Là il pénètre dans la boutique d’un marchand de vin et dès qu’il apparaît sur le seuil j’entends plusieurs voix qui le saluent par ces mots : « Tiens ! v’là le père Macchabée ! »

Ce mastroquet donne à manger… Il y a là une clientèle qui soupe… Des clients habituels, certainement… Mon entrée là dedans va faire sensation… Je ne suis pas mis avec une extrême élégance… Bah !… on me prendra pour un étudiant en médecine nouvellement installé dans le quartier…

Le principal est que je ne perde pas de vue mon père Macchabée !…

Il n’a, du reste, rien répondu à ce sinistre sobriquet, il est allé s’installer à une table dans un coin.

Je vois tout ce qui se passe par la porte grande ouverte sur la tiédeur de la nuit.

J’entre à mon tour, et la bande des soupeurs fait silence. Et soudain, une voix :

— Eh ben ! mon vieux !

Et j’entends des rires étouffés…

J’y suis habitué… je n’y fais pas attention… Ma vie ne serait qu’un pugilat… Ce n’est pas mon élégance très « relative » qui a fait sensation, c’est naturellement ma laideur… Et pour que je n’en doute pas :

— Dis donc, Charlot, ta femme qui cherche un amoureux !…
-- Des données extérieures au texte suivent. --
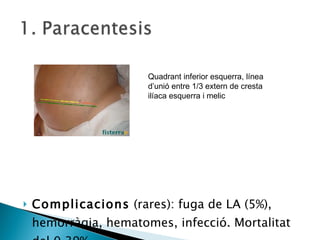 Complicacions  (rares): fuga de LA (5%), hemorràgia, hematomes, infecció. Mortalitat del 0.39%. Quadrant inferior esquerra, línea d’unió entre 1/3 extern de cresta ilíaca esquerra i melic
Cette fois, on s’esclaffe…

Seul, Charlot, le patron, reste digne… Il vient me demander ce qu’il faut me servir…

Je n’ai pas dîné… je ne sais pas comment je vis… je ne sais pas si j’ai faim, je ne sais pas si je pourrai manger… Je demande comme le « père Macchabée », un morceau de gruyère, du pain et une canette.